Men and Domestic Violence (December 6, 2015)

Traditionally, the methods of dealing with domestic/intimate partner violence have involved helping the person being abused, male or female, to leave the relationship and find a safe space elsewhere. Currently, professionals in the field are focusing on reaching out to the perpetrators of the violence, who are usually, but not always, the men.

Counselor and social activist, Marcus Kissoon, says there is a need for a change in societal attitudes towards domestic violence. “At the end of the day, the person that lashes out is at fault because they are hurting themselves and they’re hurting another person. If you treat the men who have the aggression and the abuse problem, then we save many women. So I really am all about intervention for women, but really and truly my core preventative measure is train young men, train young boys, and train men to not deal with unhealthy situations with aggression, violence and abuse.”
Executive Director of the Caribbean Anti-Violence Institute, criminologist Renee Cummings said abusers act from a set of attitudes and beliefs about how men and women should relate in intimate relationships. “Abusers believe they have a right to enforce their will on their female partners. This belief, rooted in sexism and misogyny, is supported and tolerated by the society in which we live, a society that has historically condoned the use of violence against women.”
“A stereotypic language of hyper-masculinity creates a reality where gendered language socialises boys to apply aggression, competitiveness, power, ruthlessness, and strength to everything they do. From the bedroom to the boardroom, it is all about male dominance. Negative male socialisation expresses itself in violence against women, violence against other men, and violence against themselves where a lot of men participate in self-harming behaviours, because from early they are taught to limit emotional expression, bundle up their rage, stifle their feelings and repress their pain.”
Renee said while men needed to be offered an opportunity to change, they also needed to be held accountable. She said this is only possible when there is an ability to impose swift, consistent, and meaningful sanctions for abusive behaviour. This ability rests almost exclusively with the justice system through arrest, prosecution and sentences of incarceration, probation, restitution or fine, or some combination of these. “We need swift prosecution, robust anti-harassment and anti-stalking legislation, offender rehabilitation programs that treat with men and women who use violence in relationships and multi-agency approaches and coordinated interventions to domestic violence and interpersonal violence.”
In addition, Renee called for batterer’s intervention programs. “We need evidence based programmes for men that assist them in understanding and managing their anger through self-regulation strategies. Men need to know they can access help and treat with issues such as anger, rejection, jealousy and the fear of being alone after a relationship is over.”
There is also need, on a national level, for the development of violence reduction strategies to reduce domestic violence and the overall frequency of interpersonal violence.
Marcus further added that there is a loss of a sense of empathy in society. “Our men, our culture of crime is because we’re losing a sense of empathy. People cannot see another human being sad and step back and react to it. People are hearing women crying when they are being raped, people are hearing children crying, but yet no-one is empathizing with that or able to relate to that emotion. We honestly need to focus on what we teach our young men and that aggression and violence is not the way to deal with their feelings.”

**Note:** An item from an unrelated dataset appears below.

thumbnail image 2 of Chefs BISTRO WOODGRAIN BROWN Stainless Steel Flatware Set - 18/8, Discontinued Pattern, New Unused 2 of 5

Men and violence: “A stereotypic language of hyper-masculinity creates a reality where through gendered language boys are socialised to apply aggression, competitiveness, power, ruthlessness, and strength to everything they do. From the bedroom to the boardroom, it is all about male dominance. Negative male socialisation expresses itself in violence against women, violence against other men, and violence against themselves where a lot of men participate in self-harming behaviours because from early they are taught to limit emotional expression, bundle up their rage, stifle their feelings and repress their pain.”

Why some men abuse women: “Abusers act from a set of attitudes and beliefs about how men and women should relate in intimate relationships. Abusers believe they have a right to enforce their will on their female partners. This belief, rooted in sexism and misogyny, is supported and tolerated by the society in which we live, a society that has historically condoned the use of violence against women.”

Abuser accountability: “We must hold men accountable and offer them an opportunity to change. Abuser accountability is possible only when there is an ability to impose swift, consistent, and meaningful sanctions for abusive behaviour, a role that rests primarily, if not exclusively, within the justice system, through arrest, prosecution and sentences of incarceration, probation, restitution or fine, or some combination of these. We also need to create batterers intervention programmes.”
What should intervention programmes look like: “We need evidence based programmes for men that assist them in understanding and managing their anger through self-regulation strategies. Men need to know they can access help and treat with issues such as anger, rejection, jealousy and the fear of being alone after a relationship is over.”
Criminal justice response: “We need swift prosecution, robust anti-harassment and anti-stalking legislation, offender rehabilitation programmes that treat with men and women who use violence in relationships and multi-agency approaches and coordinated interventions to domestic violence and interpersonal violence. On a national level, we have also got to develop violence reduction strategies to reduce domestic violence and the overall frequency of interpersonal violence.”